# Task details:
In the entries below, find the line with "Весна на дворе" and the line with "green canopy/limeline green"; give again those lines and every line between them, exactly.

# Given data:
[Start of Attachment]

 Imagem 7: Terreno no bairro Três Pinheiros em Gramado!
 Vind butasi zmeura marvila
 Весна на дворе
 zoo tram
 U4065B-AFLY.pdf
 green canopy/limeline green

[End of Attachment]
[Start of Attachment]

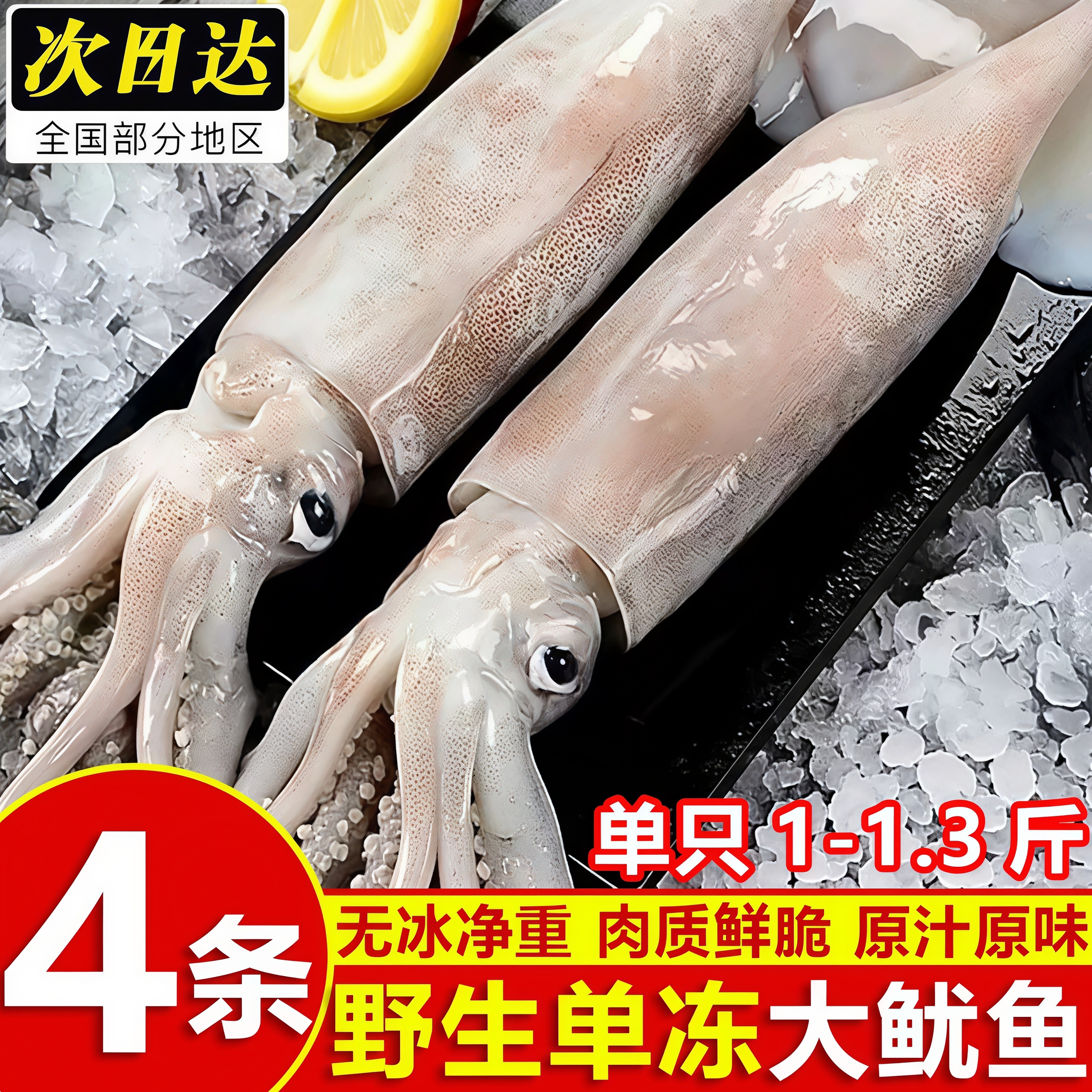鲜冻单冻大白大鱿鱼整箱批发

[End of Attachment]

# Result:
 Весна на дворе
 zoo tram
 U4065B-AFLY.pdf
 green canopy/limeline green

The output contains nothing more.